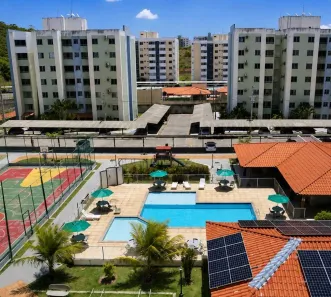 Apartamento com 3 Quartos à venda, 62m² no Jabotiana, Aracaju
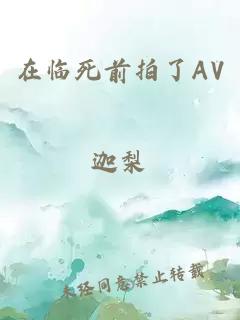 在临死前拍了AV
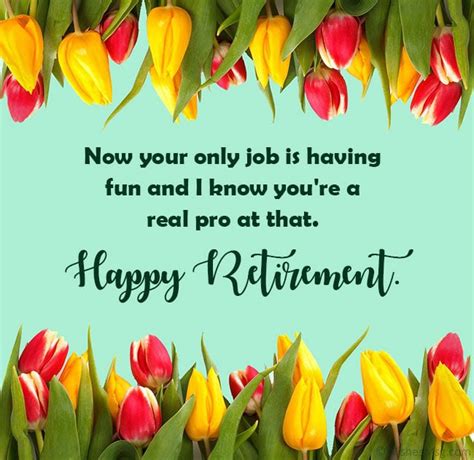 Retirement Wishes Messages And Quotes WishesMsg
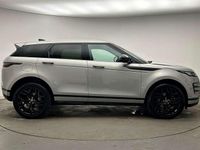 Begagnad Land Rover Range Rover evoque 203 HK (149 kW) 2023 Silver SUV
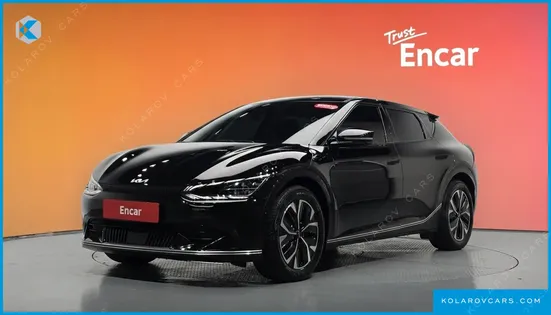 KIA EV6 LONG RANGE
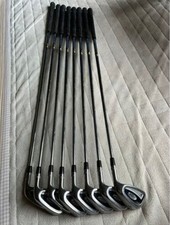 Titleist DCI 762 Iron Set 8pcs 3-PW Dynamic Gold S200 Right-Handed
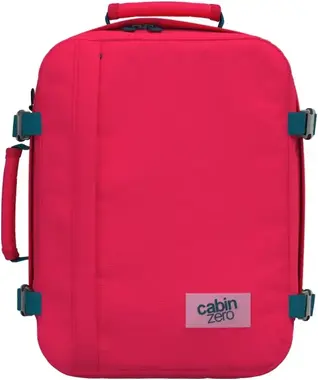 CabinZero Classic 28L Miami magenta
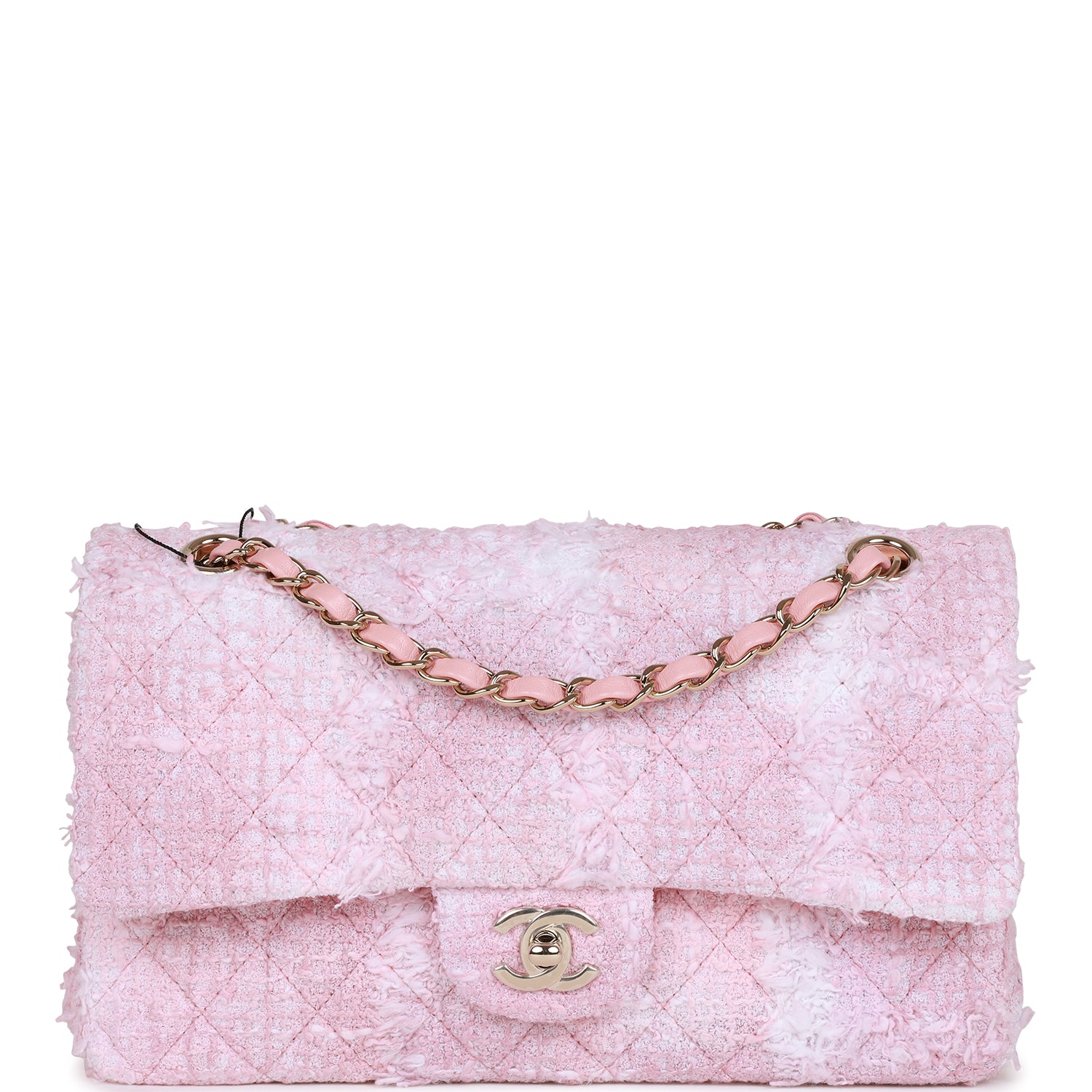 cc-medium-classic-double-flap-bag-rose-sakura-tweed-light-gold-hardware-3761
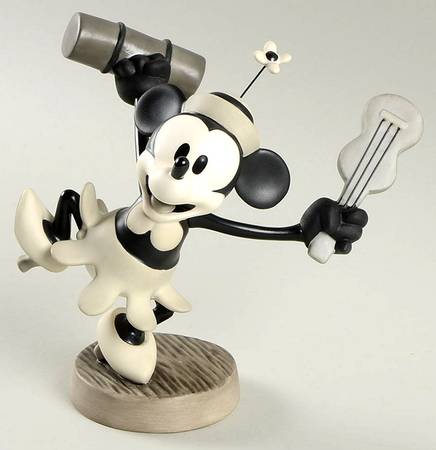 Magical Milestones Minnie's Debut-Steamboat Willie - Boxed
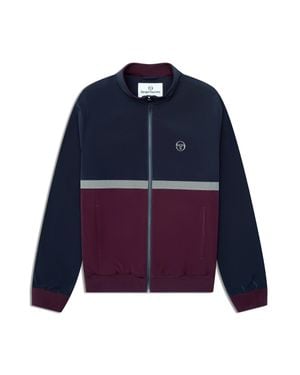 Sergio Tacchini Portico Track Jacket - Blue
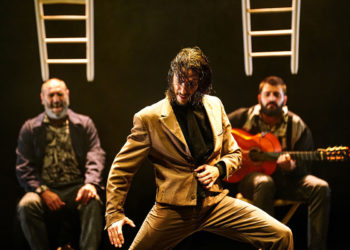 José Manuel Álvarez 'Cruces' foto: Albrecht Korff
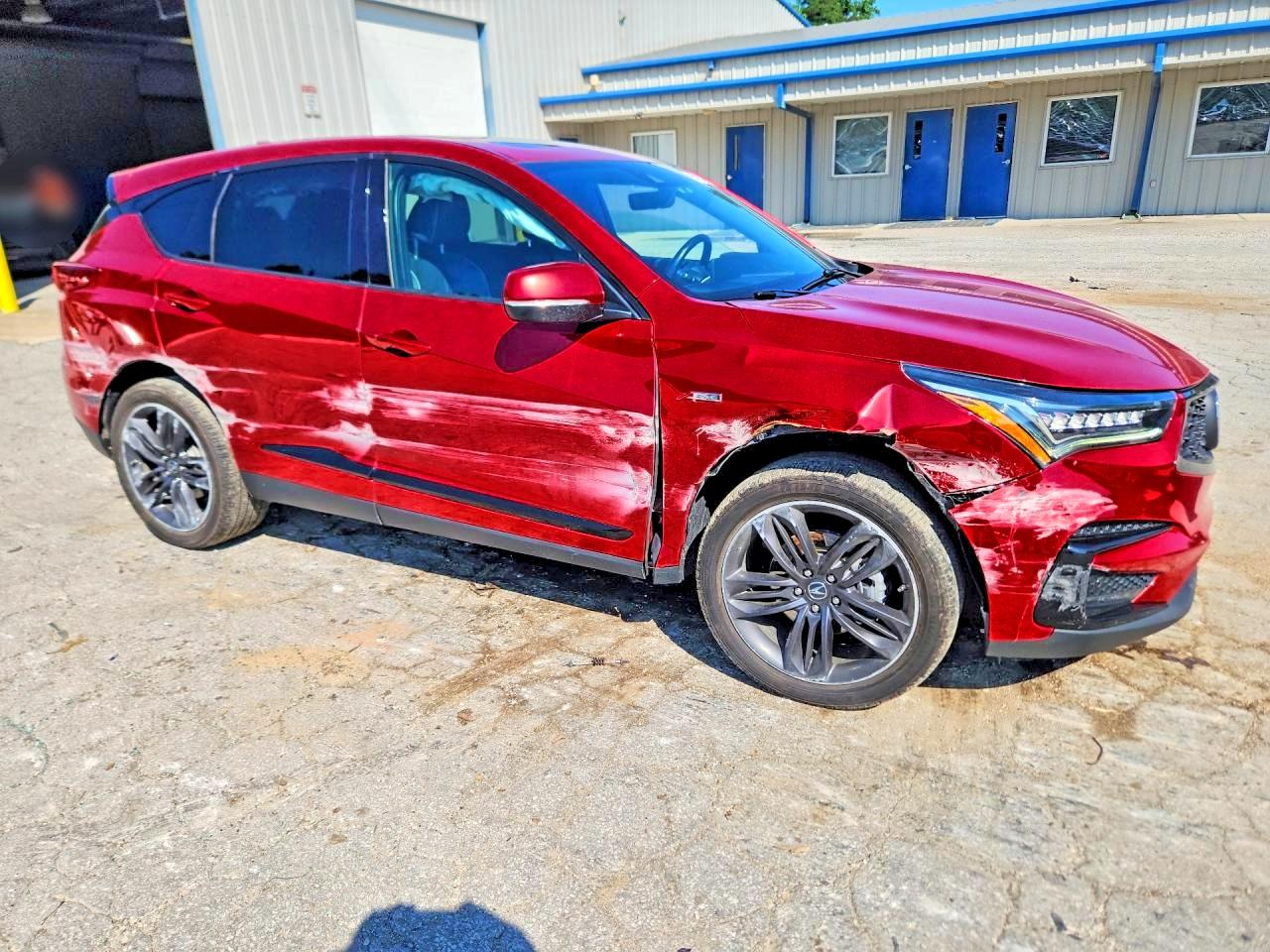 2021 ACURA RDX A-SPEC — снимка 4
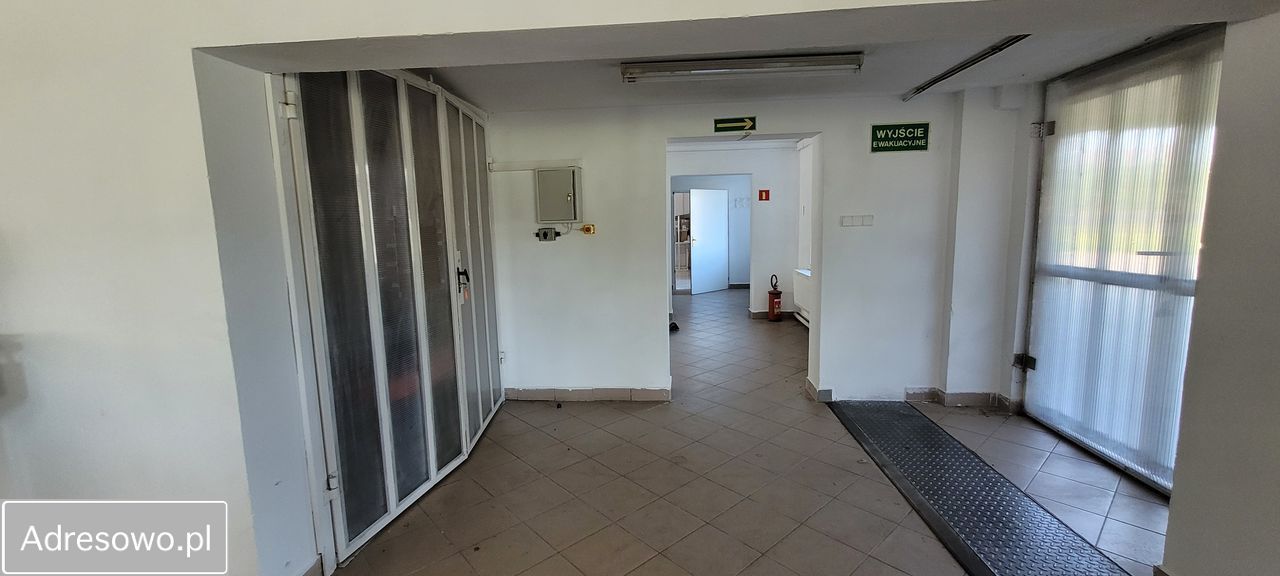 Nieruchomość komercyjna Adamów, ul. Targowa. Zdjęcie 20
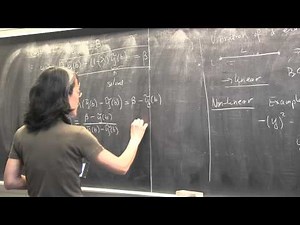 CMPSC/Math 451. April 17, 2015. Two-point boundary value problems. Shooting method. Wen Shen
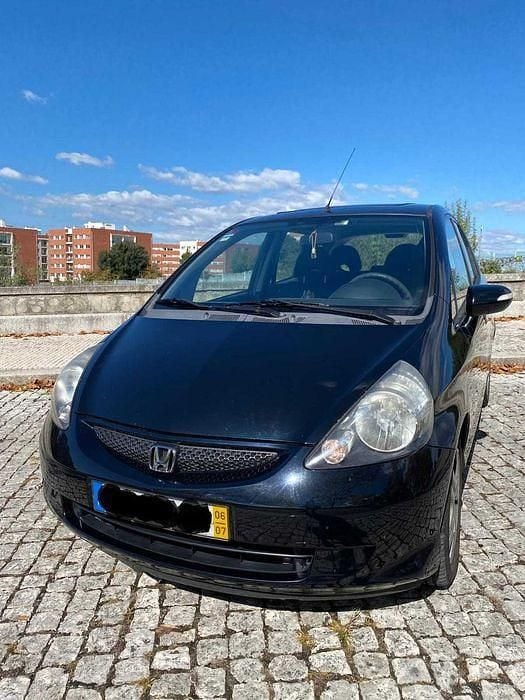 Usado 2006 Honda Jazz Citadino | € 4.000 (Bom preço) - Imagem 1/4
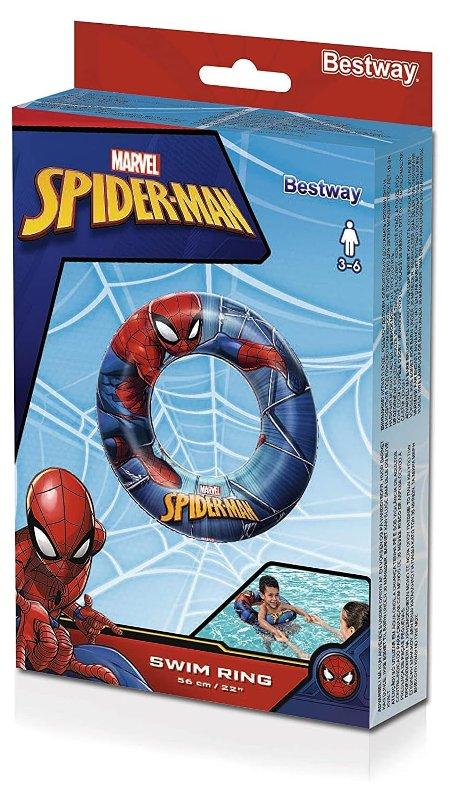 Salvagente Spider-Man Cm. 56 Best Way (gonfiabile)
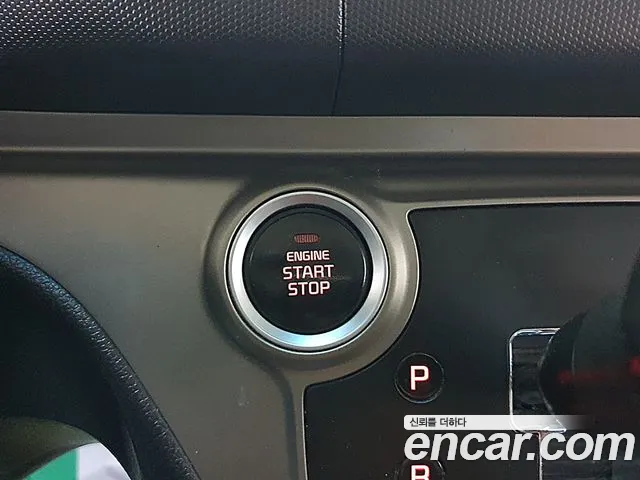 Kia The New Ray 2018 Черный из Кореи, фото 3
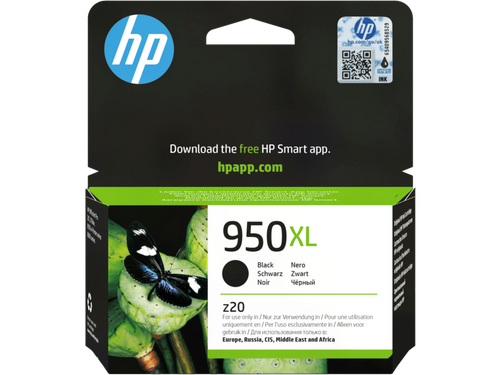 ראש דיו שחור HP 950XL CN045AE Black - מקורי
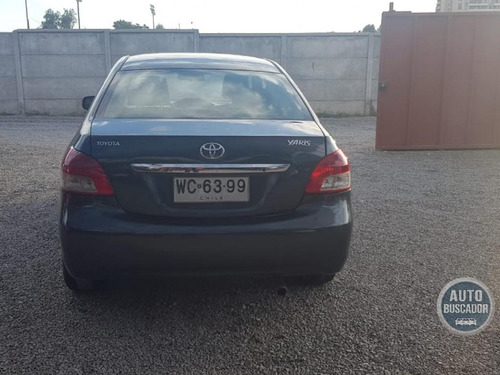 Toyota Yaris 2006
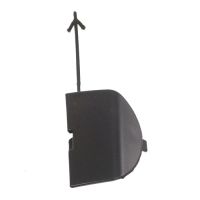 Coperchio paraurti anteriore Gancio di traino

**Activity**
Produce a verbatim copy of all records, minus pictures.

**Reply**
 Apartamento com 3 Quartos à venda, 62m² no Jabotiana, Aracaju
 在临死前拍了AV
 Retirement Wishes Messages And Quotes WishesMsg
 Begagnad Land Rover Range Rover evoque 203 HK (149 kW) 2023 Silver SUV
 KIA EV6 LONG RANGE
 Titleist DCI 762 Iron Set 8pcs 3-PW Dynamic Gold S200 Right-Handed
 CabinZero Classic 28L Miami magenta
 cc-medium-classic-double-flap-bag-rose-sakura-tweed-light-gold-hardware-3761
 Magical Milestones Minnie's Debut-Steamboat Willie - Boxed
 Sergio Tacchini Portico Track Jacket - Blue
 José Manuel Álvarez 'Cruces' foto: Albrecht Korff
 2021 ACURA RDX A-SPEC — снимка 4
 Nieruchomość komercyjna Adamów, ul. Targowa. Zdjęcie 20
 CMPSC/Math 451. April 17, 2015. Two-point boundary value problems. Shooting method. Wen Shen
 Usado 2006 Honda Jazz Citadino | € 4.000 (Bom preço) - Imagem 1/4
 Salvagente Spider-Man Cm. 56 Best Way (gonfiabile)
 Kia The New Ray 2018 Черный из Кореи, фото 3
 ראש דיו שחור HP 950XL CN045AE Black - מקורי
 Toyota Yaris 2006
 Coperchio paraurti anteriore Gancio di traino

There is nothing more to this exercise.